◆ Captioned web images:
>>>

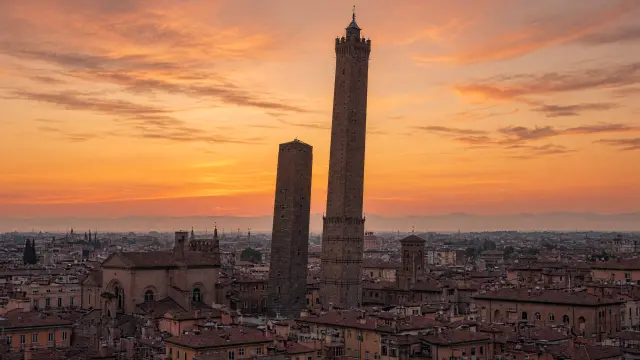 De twee torens van Bologna boven de rode daken bij zonsondergang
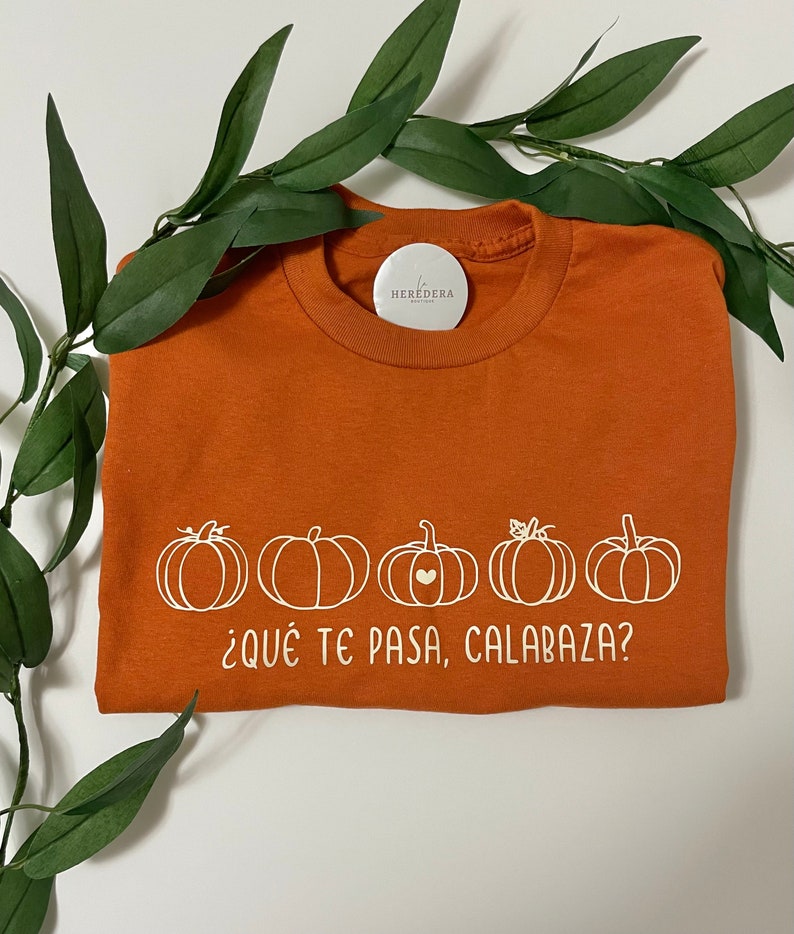Puede incluir: Una camiseta naranja con un gr&aacute;fico blanco de cinco calabazas y el texto "&iquest;Qu&eacute; te pasa, calabaza?"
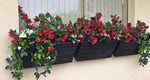 Row of black planters with artificial flowers on a wall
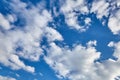 White fluffy clouds on a blue sky background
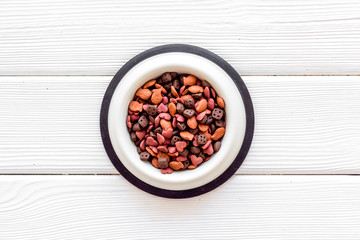Puppy dry food on white wooden background top view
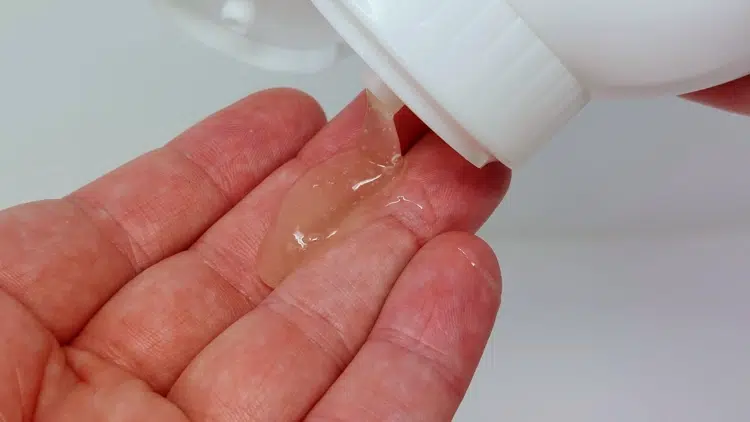 squeezing some Billy Jealousy Beard Wash from the bottle onto the hand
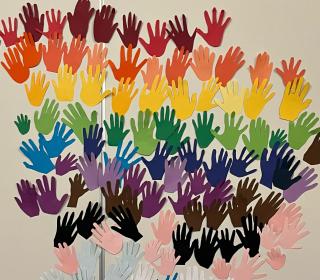 An artwork made of many handprints in rainbows on a wall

<<<

The answer is the lines above, word for word, from the first one through the one containing "squeezing some Billy"; it includes no pictures.

◆ EXERCISE ANSWER:
 De twee torens van Bologna boven de rode daken bij zonsondergang
Puede incluir: Una camiseta naranja con un gr&aacute;fico blanco de cinco calabazas y el texto "&iquest;Qu&eacute; te pasa, calabaza?"
 Row of black planters with artificial flowers on a wall
 White fluffy clouds on a blue sky background
Puppy dry food on white wooden background top view
 squeezing some Billy Jealousy Beard Wash from the bottle onto the hand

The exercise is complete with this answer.